- Battle of Lipari (1561): Part of Spanish–Ottoman wars
| Date | July 1561 |
| Location | Lipari |
| Result | Ottoman victory |

Belligerents
- Ottoman Empire: Kingdom of Sicily

Commanders and leaders
- Turgut Reis: Friar Bernardo †

Strength
- 9 ships: 7 ships

Casualties and losses
- Unknown: All ships captured

= Battle of Lipari =

Part of Spanish–Ottoman wars

The Battle of Lipari was a battle in which the Ottoman navy, commanded by the Tripoli Beylerbeyi Turgut Reis, defeated the Kingdom of Sicily (affiliated to the Spanish Empire) navy under the command of the Guimeran Priest Bernardo in a naval battle off the island of Lipari in July 1561, capturing all of its ships.

== Battle ==
The Kingdom of Sicily, which suffered a great loss along with the Spanish Empire to which it was subjected in the Battle of Djerba (1560), which resulted in a great victory for the Ottoman navy, appointed Knight of Malta Guimeran Friar Bernardo as the commander of its fleet (in the absence of Berenguer de Requesens, who was still a prisoner). In July, Guimeran was tasked with taking Bishop Nicola Maria Caracciolo of Catania to Naples at the head of 7 galleys.
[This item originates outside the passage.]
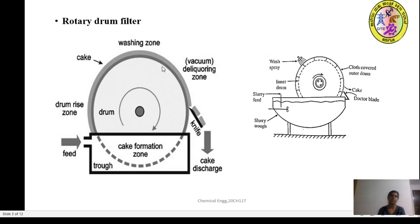This is the drum rise zone. What is to be filtered — the slurry to be filtered — is being fed. That we call it as a feed. This is a trough — the long cylindrical trough in which the rotary drum rotates. The circular drum rotates and you have a knife here for taking out the cake after the continuous filtration process.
While carrying out this task, he came across two quality belonging to Turgut Reis near the island of Stromboli and set out to capture them with his 3 ships. However, when he arrived off the coast of Lipari, he fell into the trap of 7 galleys belonging to Turgut Reis.

Instead of taking refuge in Lipari or fleeing to Sicily, Guimeran preferred to fight. In the battle in which all ships entered, the flagship of the Sicilians was boarded by Turkish sailors, and Guimeran died from arquebus fire in his head. As a result of a clash that lasted less than an hour, first the captain's ship and then the entire Sicily fleet were captured by Turgut Reis.

== Aftermath ==
Turgut Reis commanded Ottoman fleet after replenishing water in Gozo returned to Tripoli with captive ships. Then in August they put to sea again and blockaded Naples.